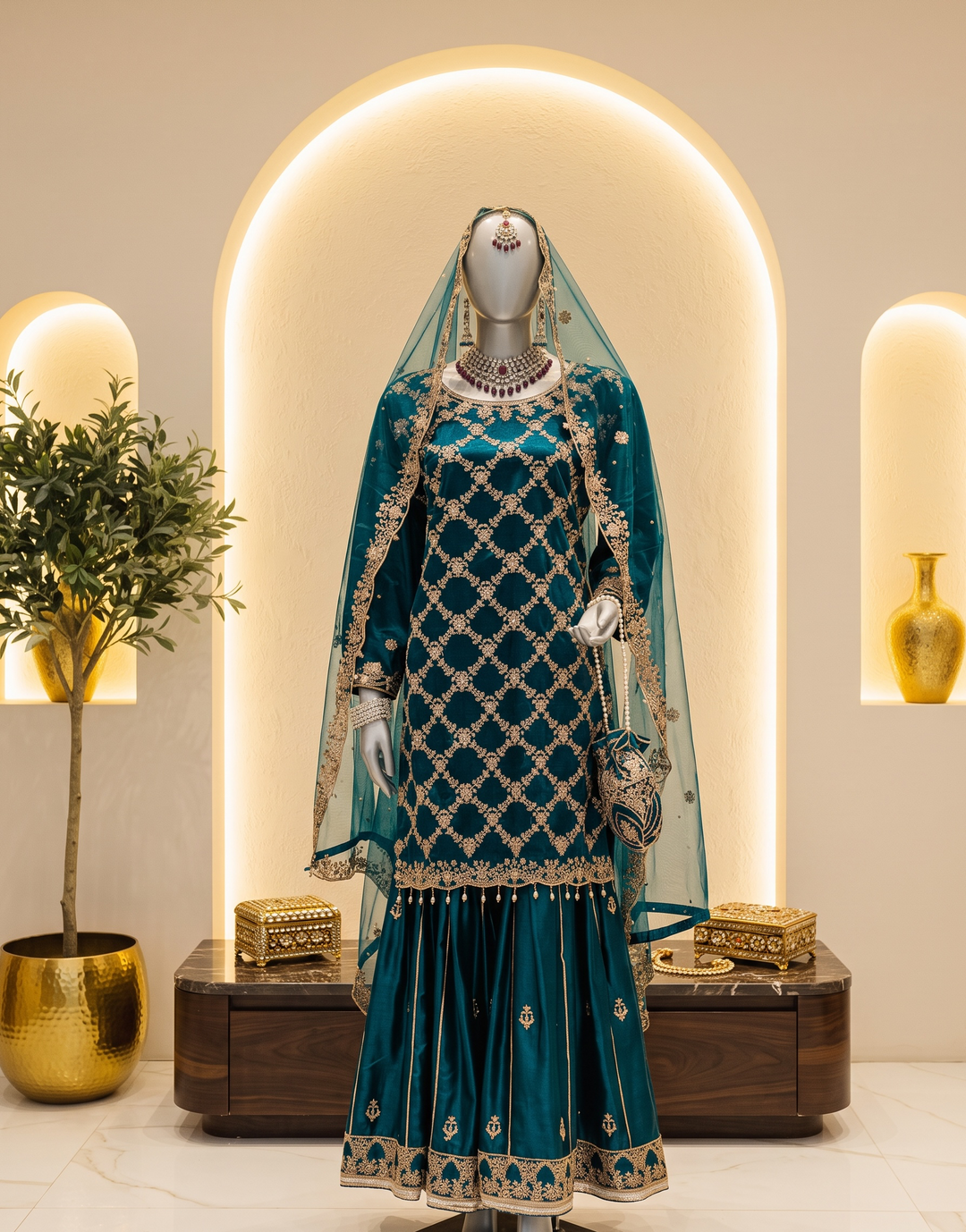 Teal Zareen Embroidered Sharara Set
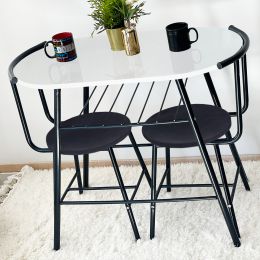Set Masa cu 2 scaune, Cafea Homs, cadru metal,bej marmurat/negru,10975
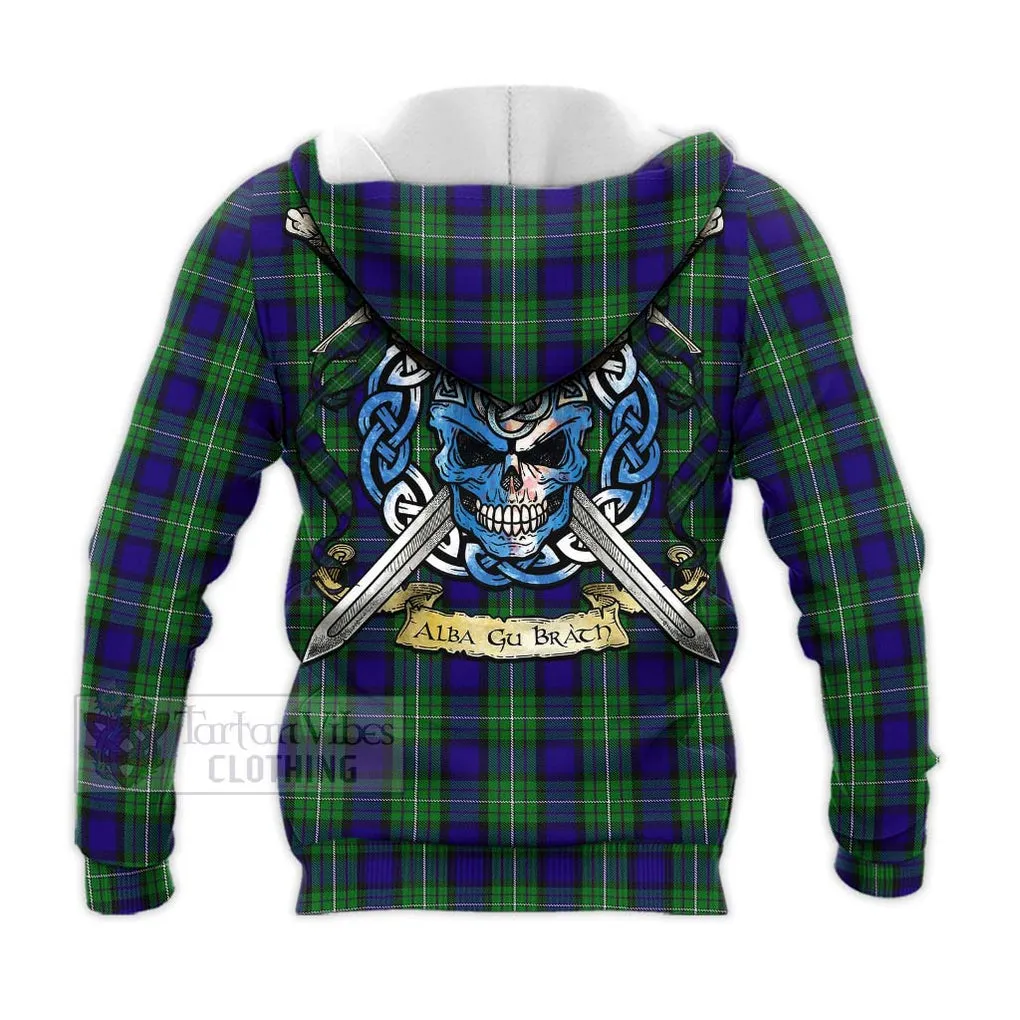 Alexander Tartan Knitted Hoodie with Family Crest Celtic Skull Style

========

Would you restate word for word each line from the one that holds "Set Masa cu" to the end of the material, both ends included, without the pictures?

_RESULT OF THE EXERCISE_:
Set Masa cu 2 scaune, Cafea Homs, cadru metal,bej marmurat/negru,10975
 Alexander Tartan Knitted Hoodie with Family Crest Celtic Skull Style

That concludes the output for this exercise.